Убрав с лица платочек, Богдан Яковлевич Вельский задумался, уставившись в тесаную стену горницы. Он понимал, почему государь медлит с разводом Федора и Ирины. Столько раз вмешиваясь в семейную жизнь старшего сына, он довел до того, что тот теперь лежит в приделе Архангельского собора. Смертный страх вражды и со вторым сыном доводил государя до отчаяния, а он, дурак, ляпнул. Истинно — забылся, не в свое дело полез. Стало быть, Годуновых от будущего царя не отвадить никак. Пока…
От мысли, что осенила голову Вельского, на губах его заиграла улыбка. Ежели Годуновых отстранить от власти не выйдет, то надобно с ними объединиться, чтобы вместе сокрушить Мстиславских, Захарьиных, Шуйских, Нагих… Надобно поговорить с Борисом. Времени было уже мало…
Довольный собой, он швырнул окровавленный платочек куда-то в угол горницы и, шлепнув себя по ляжке, поднялся со скамьи. Он, Богдан Яковлевич Вельский, еще сумеет всех обставить, сумеет! Так просто он не сдастся, нет! Слишком многое на кону!

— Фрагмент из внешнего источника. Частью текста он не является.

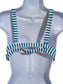 Blue Stripes One Piece Swimsuit Y2K 90s Cutout Beach Resort Vacation Cupshe XL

Пока ждал своего слугу, насвистывал счастливо что-то себе в бороду. Когда холоп явился, Вельский сказал с безумной улыбкой на лице:
— Я грамотку напишу. Вручишь ее в руки Борису Годунову. Молви, жду я его, друга старого, в доме своем, как дорогого гостя. Чего глаза вытаращил? Озолотимся мы еще с тобою, слышь? Все впереди…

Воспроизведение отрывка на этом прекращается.